Daya yang menjadi kekuatan dan keberanian mahasiswinya, Anbar Jayadi untuk mengajukan yuridisial review UU No. 2 ayat 1 tahun 1974 terkait perkawinan beda agama, yang belum lama ini cukup mengguncang Mahkamah Konstitusi membuatnya bangga sekaligus kecewa.
Pasalnya, sosok wanita jebolan dari Universitas Indonesia yang ketika itu berpakaian serba putih, dan dibalut dengan bordiran abu-abu serta kerudungnya yang khas, menanggapi bahwa pengajuan yuridisial review itu adalah hak setiap warga Negara. "Saya bangga dan sangat menghargai pendapat dari Anbar Jayadi dan pemohon lainnya, karena tindakan ini mencerminkan keberhasilan dosen mata kuliah yang disampaikan, apalagi mereka ikut menyampaikan langsung ke MK."
Namun demikian, dosen yang mengajar mata kuliah Asas-asas Hukum Islam dan Hukum Perdata Islam sejak tahun 1998 hingga sekarang, mengatakan tidak sependapat dengan isi materi yang diajukan oleh mahasiswi tersebut. Pasal 2 ayat 1 adalah menentukan sah atau tidaknya suatu perkawinan. Di dalam pasal tersebut, perkawinan sah jika dilakukan berdasarkan agama dan kepercayaan masing-masing.

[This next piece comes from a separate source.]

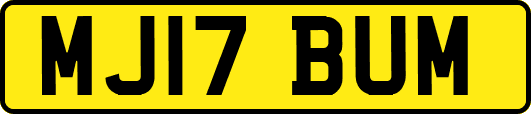 MJ17BUM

Bercermin dari muatan konstitusi baik perundang-undangan ataupun Pancasila, keduanya sama-sama berlandaskan atas Ketuhanan yang maha Esa. "Jadi, kalau perkawinan tidak sesuai ketentuan agama masing-masing, ya tidak sah!!" tutur dengan nada antusias.
Raut wajah serius yang ditampakan oleh wanita kelahiran Banten, di ruangan berukuran 2x3 pada 13.20 siang, sebagai expresi keberatan yang dilakukan mahasiswinya cukup mendulang kekecewaan, dengan dibekali mata kuliah Hukum bermuatan agama yang wajib, dan setiap mahasiswa harus lulus dengan bobot 2 SKS, beliau pun menuturkan, "Sudah sewajarnya setiap orang harus patuh kepada Tuhannya, dan setiap agama pun mengajarkan itu."
"Indonesia adalah Negara hukum yang religius, kesinambungan antara agama dan konstitusi haruslah berdampingan, dan Negara tidak melepaskan diri dari nilai-nilai agama, sebagaimana dalam pembukaan UUD yang menjadikan Ketuhanan yang Maha Esa sebagai pijakan aspek kehidupan yang bersifat universal." Tuturnya mengawang masa lalu, sambil mengingat-ingat perkataan teman sekaligus dosen senior yang bernama lengkap Neng Jubaedah Ph.d. Nah, kata itu seolah mujarab untuk menanggapi fenomena ini.